In my first few weeks here at Cloudera, I’ve been tasked with helping out with the Apache ZooKeeper system, part of the umbrella Hadoop project. ZooKeeper is a system for coordinating distributed processes. In a distributed environment, getting processes to act in any kind of synchrony is an extremely hard problem. For example, simply having a set of processes wait until they’ve all reached the same point in their execution – a kind of distributed barrier – is surprisingly difficult to do correctly. ZooKeeper offers an API to facilitate this sort of distributed coordination. For example, it is often used to serve locks to client processes – locks are just another kind of coordination primitive – in the form of small files that ZooKeeper tracks.

In order to be useful, ZooKeeper must be both highly reliable and available as systems will rely upon it as a critical component. For example, if locks cannot be taken, processes cannot make progress and the whole system will grind to a halt. ZooKeeper is built on a suite of reliable distributed systems techniques and protocols, and is typically run on a cluster of machines so that if some should fail, the remaining ones can continue to provide service.
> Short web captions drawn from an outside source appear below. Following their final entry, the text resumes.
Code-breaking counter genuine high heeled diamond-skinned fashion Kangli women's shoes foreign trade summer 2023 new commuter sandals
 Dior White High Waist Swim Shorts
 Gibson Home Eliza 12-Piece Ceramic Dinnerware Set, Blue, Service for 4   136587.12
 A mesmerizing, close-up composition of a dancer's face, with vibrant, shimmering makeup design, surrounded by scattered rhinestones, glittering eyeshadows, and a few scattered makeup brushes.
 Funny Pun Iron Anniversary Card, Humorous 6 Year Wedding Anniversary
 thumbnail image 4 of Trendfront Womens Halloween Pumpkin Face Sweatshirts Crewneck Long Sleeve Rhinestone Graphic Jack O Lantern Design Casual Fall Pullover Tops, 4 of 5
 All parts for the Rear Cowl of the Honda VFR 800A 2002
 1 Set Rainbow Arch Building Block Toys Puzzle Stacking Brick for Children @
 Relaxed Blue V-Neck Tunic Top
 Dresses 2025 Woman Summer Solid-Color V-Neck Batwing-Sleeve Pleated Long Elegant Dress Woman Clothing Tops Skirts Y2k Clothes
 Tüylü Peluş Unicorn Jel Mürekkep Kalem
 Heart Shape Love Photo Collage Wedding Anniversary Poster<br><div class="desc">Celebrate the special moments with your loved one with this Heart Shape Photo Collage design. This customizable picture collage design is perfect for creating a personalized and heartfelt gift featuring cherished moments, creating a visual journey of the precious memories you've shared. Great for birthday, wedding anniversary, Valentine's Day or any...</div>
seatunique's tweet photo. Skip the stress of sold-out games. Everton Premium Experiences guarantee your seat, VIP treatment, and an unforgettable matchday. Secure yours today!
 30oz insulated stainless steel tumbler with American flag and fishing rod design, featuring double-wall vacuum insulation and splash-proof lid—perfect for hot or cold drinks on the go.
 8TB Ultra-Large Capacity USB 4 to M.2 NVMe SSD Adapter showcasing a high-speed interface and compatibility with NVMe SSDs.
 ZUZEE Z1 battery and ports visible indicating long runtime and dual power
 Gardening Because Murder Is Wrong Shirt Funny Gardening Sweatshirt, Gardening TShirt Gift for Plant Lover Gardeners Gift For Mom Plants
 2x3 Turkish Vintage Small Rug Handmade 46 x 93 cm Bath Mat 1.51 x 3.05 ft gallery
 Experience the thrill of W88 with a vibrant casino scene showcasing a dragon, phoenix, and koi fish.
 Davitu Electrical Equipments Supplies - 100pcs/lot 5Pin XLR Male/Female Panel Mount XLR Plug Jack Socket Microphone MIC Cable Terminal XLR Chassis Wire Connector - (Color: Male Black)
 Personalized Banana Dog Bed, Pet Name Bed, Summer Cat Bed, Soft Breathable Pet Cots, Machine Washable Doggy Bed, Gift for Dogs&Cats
Under the hood, ZooKeeper is responsible for ordering calls made by clients so that each request is processed atomically and in a fixed and firm order.

One of my first contributions to the project was a set of bindings to allow programs written in the Python language to act as clients to a ZooKeeper cluster. ZooKeeper was natively written in Java, and there are already C and Perl bindings. Adding Python bindings increases the number of people that can use the system, and brings the strengths of Python, such as rapid prototyping, to bear when designing distributed systems.

The Python ZooKeeper bindings are available from the ZooKeeper SVN repository and should be part of the 3.2 release, planned for the next couple of weeks. To use the bindings now, you can either check out the latest version of the code from the SVN repository, or download a tarball containing a recent snapshot here. The zookeeper module exposes the ZooKeeper API to Python, so to get started all you need do is add import zookeeper to your Python script once the module is installed. Instructions on getting up and running are at the end of this post.

To illustrate some of the ZooKeeper API, I’ve written a distributed FIFO queue in Python – the source code is here – which I wanted to share. The combination of Python and Zookeeper meant that I was able to write the queue in just over 60 lines of code, and most of that deals with local coordination issues between two threads rather than any tricky issues trying to make remote processes behave correctly. I can only give a taste here of how programming with Python and ZooKeeper works. I hope there’s enough here to convince you that ZooKeeper might make a useful component for distributed systems that need a little herding.

ZooKeeper

ZooKeeper provides a tree abstraction where every node in that tree (or znode, in ZooKeeper parlance) is a file on which a variety of simple operations can be performed. ZooKeeper orders operations on znodes so that they occur atomically. Therefore there is no need to use complex locking protocols to ensure that only one process can access a znode at a time. The tree represents a hierarchical namespace, so that many distinct distributed systems can use a single ZooKeeper instance without worrying about their files having the same name.

Each znode has some associated data – up to a megabyte in current builds – that can be updated atomically. Every update to a znode increases its version number, which allows clients to perform compare-and-swap operations by reading the version and then updating a znode only if the version is still the one that was read.

As a notification mechanism, ZooKeeper provides watches, which are callback methods that are called asynchronously when an event of interest occurs. Watches are attached, typically, to an individual znode. When that znode changes any watcher on the znode will be fired asynchronously on the client. Many methods of the ZooKeeper API have an optional watch argument. Some languages have to work hard to provide callable objects as parameters, but Python makes this easy as callables are first class language constructs. Simply pass any callable, like a method or a lambda expression, to the zookeeper module and when an event of interest occurs, the callable will be executed.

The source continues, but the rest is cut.